● Description of the task: Word for word, repeat every record.

++++++++

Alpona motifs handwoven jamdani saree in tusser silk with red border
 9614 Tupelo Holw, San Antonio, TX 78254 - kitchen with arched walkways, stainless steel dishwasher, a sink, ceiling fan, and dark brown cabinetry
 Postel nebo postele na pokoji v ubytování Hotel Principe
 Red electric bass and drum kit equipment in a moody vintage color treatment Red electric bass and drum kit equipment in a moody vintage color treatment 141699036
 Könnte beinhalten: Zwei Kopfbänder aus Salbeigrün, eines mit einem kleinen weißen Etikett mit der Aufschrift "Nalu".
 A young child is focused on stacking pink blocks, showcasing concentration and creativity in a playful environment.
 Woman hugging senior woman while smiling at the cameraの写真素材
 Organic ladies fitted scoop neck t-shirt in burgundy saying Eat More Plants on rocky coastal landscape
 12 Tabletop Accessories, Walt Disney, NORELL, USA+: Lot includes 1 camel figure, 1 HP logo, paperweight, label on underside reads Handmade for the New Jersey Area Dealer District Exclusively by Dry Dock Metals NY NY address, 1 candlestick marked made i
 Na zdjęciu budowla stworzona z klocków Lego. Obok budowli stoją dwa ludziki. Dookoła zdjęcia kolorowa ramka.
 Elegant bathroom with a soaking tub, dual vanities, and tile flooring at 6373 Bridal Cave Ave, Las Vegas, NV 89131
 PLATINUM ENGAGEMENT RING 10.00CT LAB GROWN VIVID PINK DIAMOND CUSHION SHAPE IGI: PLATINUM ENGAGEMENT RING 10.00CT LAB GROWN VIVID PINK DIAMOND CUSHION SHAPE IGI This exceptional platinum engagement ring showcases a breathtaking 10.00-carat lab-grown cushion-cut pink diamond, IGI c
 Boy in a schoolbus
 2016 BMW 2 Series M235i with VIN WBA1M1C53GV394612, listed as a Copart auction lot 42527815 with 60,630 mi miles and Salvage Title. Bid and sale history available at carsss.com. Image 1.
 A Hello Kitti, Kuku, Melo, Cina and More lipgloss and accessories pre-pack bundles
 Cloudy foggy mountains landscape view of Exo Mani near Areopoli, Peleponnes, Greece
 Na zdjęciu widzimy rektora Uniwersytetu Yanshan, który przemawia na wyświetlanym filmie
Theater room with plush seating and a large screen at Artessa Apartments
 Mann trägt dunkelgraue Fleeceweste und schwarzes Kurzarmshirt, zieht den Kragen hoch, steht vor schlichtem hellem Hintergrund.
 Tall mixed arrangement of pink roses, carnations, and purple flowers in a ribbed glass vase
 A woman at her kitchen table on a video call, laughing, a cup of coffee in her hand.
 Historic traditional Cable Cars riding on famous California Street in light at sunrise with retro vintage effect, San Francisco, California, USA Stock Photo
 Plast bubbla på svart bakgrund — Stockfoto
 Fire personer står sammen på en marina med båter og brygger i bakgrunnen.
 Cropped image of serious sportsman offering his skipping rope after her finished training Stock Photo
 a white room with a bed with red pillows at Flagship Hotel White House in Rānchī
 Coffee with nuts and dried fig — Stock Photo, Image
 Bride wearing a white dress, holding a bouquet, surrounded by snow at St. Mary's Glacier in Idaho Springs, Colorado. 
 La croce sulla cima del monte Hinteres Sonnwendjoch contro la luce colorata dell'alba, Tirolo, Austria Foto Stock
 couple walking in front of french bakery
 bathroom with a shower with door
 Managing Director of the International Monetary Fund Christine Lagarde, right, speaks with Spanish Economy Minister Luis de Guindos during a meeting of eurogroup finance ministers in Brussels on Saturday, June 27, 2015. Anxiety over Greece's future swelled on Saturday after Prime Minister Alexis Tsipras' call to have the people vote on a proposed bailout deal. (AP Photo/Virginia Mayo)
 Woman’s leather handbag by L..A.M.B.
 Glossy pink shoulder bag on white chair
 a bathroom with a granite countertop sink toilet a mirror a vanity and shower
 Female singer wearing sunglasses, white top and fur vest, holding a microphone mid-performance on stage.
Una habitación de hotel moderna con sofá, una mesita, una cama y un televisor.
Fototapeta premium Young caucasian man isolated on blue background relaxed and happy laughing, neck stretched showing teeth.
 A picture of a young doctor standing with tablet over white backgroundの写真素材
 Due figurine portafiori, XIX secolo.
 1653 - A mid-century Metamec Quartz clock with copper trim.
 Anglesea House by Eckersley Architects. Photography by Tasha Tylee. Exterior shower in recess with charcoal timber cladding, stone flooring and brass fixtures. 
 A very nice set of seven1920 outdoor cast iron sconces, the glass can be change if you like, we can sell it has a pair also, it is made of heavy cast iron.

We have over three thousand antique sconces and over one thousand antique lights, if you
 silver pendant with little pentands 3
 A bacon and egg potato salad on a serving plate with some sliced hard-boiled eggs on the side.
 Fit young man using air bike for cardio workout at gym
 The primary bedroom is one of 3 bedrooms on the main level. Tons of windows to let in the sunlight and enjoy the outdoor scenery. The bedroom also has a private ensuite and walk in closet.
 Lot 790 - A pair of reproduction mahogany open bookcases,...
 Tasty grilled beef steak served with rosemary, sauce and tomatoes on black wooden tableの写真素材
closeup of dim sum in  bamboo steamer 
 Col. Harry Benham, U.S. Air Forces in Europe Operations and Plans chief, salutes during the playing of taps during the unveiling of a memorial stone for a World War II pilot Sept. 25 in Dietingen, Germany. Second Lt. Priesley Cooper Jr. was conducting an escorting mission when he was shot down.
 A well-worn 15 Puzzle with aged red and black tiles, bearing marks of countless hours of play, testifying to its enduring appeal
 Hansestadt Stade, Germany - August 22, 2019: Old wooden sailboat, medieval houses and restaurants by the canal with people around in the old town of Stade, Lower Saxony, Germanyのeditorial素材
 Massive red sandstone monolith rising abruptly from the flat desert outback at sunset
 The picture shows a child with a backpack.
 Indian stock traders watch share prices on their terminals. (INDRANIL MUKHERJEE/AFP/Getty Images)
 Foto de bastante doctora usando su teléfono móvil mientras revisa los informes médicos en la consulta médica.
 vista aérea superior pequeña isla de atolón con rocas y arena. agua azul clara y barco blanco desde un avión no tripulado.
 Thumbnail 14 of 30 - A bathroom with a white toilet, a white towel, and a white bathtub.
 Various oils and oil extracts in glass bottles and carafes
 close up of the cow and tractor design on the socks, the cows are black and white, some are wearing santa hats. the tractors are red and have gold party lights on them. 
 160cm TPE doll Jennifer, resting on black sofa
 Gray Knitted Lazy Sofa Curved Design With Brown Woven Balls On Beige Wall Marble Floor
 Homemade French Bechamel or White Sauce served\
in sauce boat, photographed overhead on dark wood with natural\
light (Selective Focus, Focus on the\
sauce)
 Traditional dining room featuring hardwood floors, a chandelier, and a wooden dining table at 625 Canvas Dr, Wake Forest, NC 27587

++++++++

● Response for this exercise:
Alpona motifs handwoven jamdani saree in tusser silk with red border
 9614 Tupelo Holw, San Antonio, TX 78254 - kitchen with arched walkways, stainless steel dishwasher, a sink, ceiling fan, and dark brown cabinetry
 Postel nebo postele na pokoji v ubytování Hotel Principe
 Red electric bass and drum kit equipment in a moody vintage color treatment Red electric bass and drum kit equipment in a moody vintage color treatment 141699036
 Könnte beinhalten: Zwei Kopfbänder aus Salbeigrün, eines mit einem kleinen weißen Etikett mit der Aufschrift "Nalu".
 A young child is focused on stacking pink blocks, showcasing concentration and creativity in a playful environment.
 Woman hugging senior woman while smiling at the cameraの写真素材
 Organic ladies fitted scoop neck t-shirt in burgundy saying Eat More Plants on rocky coastal landscape
 12 Tabletop Accessories, Walt Disney, NORELL, USA+: Lot includes 1 camel figure, 1 HP logo, paperweight, label on underside reads Handmade for the New Jersey Area Dealer District Exclusively by Dry Dock Metals NY NY address, 1 candlestick marked made i
 Na zdjęciu budowla stworzona z klocków Lego. Obok budowli stoją dwa ludziki. Dookoła zdjęcia kolorowa ramka.
 Elegant bathroom with a soaking tub, dual vanities, and tile flooring at 6373 Bridal Cave Ave, Las Vegas, NV 89131
 PLATINUM ENGAGEMENT RING 10.00CT LAB GROWN VIVID PINK DIAMOND CUSHION SHAPE IGI: PLATINUM ENGAGEMENT RING 10.00CT LAB GROWN VIVID PINK DIAMOND CUSHION SHAPE IGI This exceptional platinum engagement ring showcases a breathtaking 10.00-carat lab-grown cushion-cut pink diamond, IGI c
 Boy in a schoolbus
 2016 BMW 2 Series M235i with VIN WBA1M1C53GV394612, listed as a Copart auction lot 42527815 with 60,630 mi miles and Salvage Title. Bid and sale history available at carsss.com. Image 1.
 A Hello Kitti, Kuku, Melo, Cina and More lipgloss and accessories pre-pack bundles
 Cloudy foggy mountains landscape view of Exo Mani near Areopoli, Peleponnes, Greece
 Na zdjęciu widzimy rektora Uniwersytetu Yanshan, który przemawia na wyświetlanym filmie
Theater room with plush seating and a large screen at Artessa Apartments
 Mann trägt dunkelgraue Fleeceweste und schwarzes Kurzarmshirt, zieht den Kragen hoch, steht vor schlichtem hellem Hintergrund.
 Tall mixed arrangement of pink roses, carnations, and purple flowers in a ribbed glass vase
 A woman at her kitchen table on a video call, laughing, a cup of coffee in her hand.
 Historic traditional Cable Cars riding on famous California Street in light at sunrise with retro vintage effect, San Francisco, California, USA Stock Photo
 Plast bubbla på svart bakgrund — Stockfoto
 Fire personer står sammen på en marina med båter og brygger i bakgrunnen.
 Cropped image of serious sportsman offering his skipping rope after her finished training Stock Photo
 a white room with a bed with red pillows at Flagship Hotel White House in Rānchī
 Coffee with nuts and dried fig — Stock Photo, Image
 Bride wearing a white dress, holding a bouquet, surrounded by snow at St. Mary's Glacier in Idaho Springs, Colorado. 
 La croce sulla cima del monte Hinteres Sonnwendjoch contro la luce colorata dell'alba, Tirolo, Austria Foto Stock
 couple walking in front of french bakery
 bathroom with a shower with door
 Managing Director of the International Monetary Fund Christine Lagarde, right, speaks with Spanish Economy Minister Luis de Guindos during a meeting of eurogroup finance ministers in Brussels on Saturday, June 27, 2015. Anxiety over Greece's future swelled on Saturday after Prime Minister Alexis Tsipras' call to have the people vote on a proposed bailout deal. (AP Photo/Virginia Mayo)
 Woman’s leather handbag by L..A.M.B.
 Glossy pink shoulder bag on white chair
 a bathroom with a granite countertop sink toilet a mirror a vanity and shower
 Female singer wearing sunglasses, white top and fur vest, holding a microphone mid-performance on stage.
Una habitación de hotel moderna con sofá, una mesita, una cama y un televisor.
Fototapeta premium Young caucasian man isolated on blue background relaxed and happy laughing, neck stretched showing teeth.
 A picture of a young doctor standing with tablet over white backgroundの写真素材
 Due figurine portafiori, XIX secolo.
 1653 - A mid-century Metamec Quartz clock with copper trim.
 Anglesea House by Eckersley Architects. Photography by Tasha Tylee. Exterior shower in recess with charcoal timber cladding, stone flooring and brass fixtures. 
 A very nice set of seven1920 outdoor cast iron sconces, the glass can be change if you like, we can sell it has a pair also, it is made of heavy cast iron.

We have over three thousand antique sconces and over one thousand antique lights, if you
 silver pendant with little pentands 3
 A bacon and egg potato salad on a serving plate with some sliced hard-boiled eggs on the side.
 Fit young man using air bike for cardio workout at gym
 The primary bedroom is one of 3 bedrooms on the main level. Tons of windows to let in the sunlight and enjoy the outdoor scenery. The bedroom also has a private ensuite and walk in closet.
 Lot 790 - A pair of reproduction mahogany open bookcases,...
 Tasty grilled beef steak served with rosemary, sauce and tomatoes on black wooden tableの写真素材
closeup of dim sum in  bamboo steamer 
 Col. Harry Benham, U.S. Air Forces in Europe Operations and Plans chief, salutes during the playing of taps during the unveiling of a memorial stone for a World War II pilot Sept. 25 in Dietingen, Germany. Second Lt. Priesley Cooper Jr. was conducting an escorting mission when he was shot down.
 A well-worn 15 Puzzle with aged red and black tiles, bearing marks of countless hours of play, testifying to its enduring appeal
 Hansestadt Stade, Germany - August 22, 2019: Old wooden sailboat, medieval houses and restaurants by the canal with people around in the old town of Stade, Lower Saxony, Germanyのeditorial素材
 Massive red sandstone monolith rising abruptly from the flat desert outback at sunset
 The picture shows a child with a backpack.
 Indian stock traders watch share prices on their terminals. (INDRANIL MUKHERJEE/AFP/Getty Images)
 Foto de bastante doctora usando su teléfono móvil mientras revisa los informes médicos en la consulta médica.
 vista aérea superior pequeña isla de atolón con rocas y arena. agua azul clara y barco blanco desde un avión no tripulado.
 Thumbnail 14 of 30 - A bathroom with a white toilet, a white towel, and a white bathtub.
 Various oils and oil extracts in glass bottles and carafes
 close up of the cow and tractor design on the socks, the cows are black and white, some are wearing santa hats. the tractors are red and have gold party lights on them. 
 160cm TPE doll Jennifer, resting on black sofa
 Gray Knitted Lazy Sofa Curved Design With Brown Woven Balls On Beige Wall Marble Floor
 Homemade French Bechamel or White Sauce served\
in sauce boat, photographed overhead on dark wood with natural\
light (Selective Focus, Focus on the\
sauce)
 Traditional dining room featuring hardwood floors, a chandelier, and a wooden dining table at 625 Canvas Dr, Wake Forest, NC 27587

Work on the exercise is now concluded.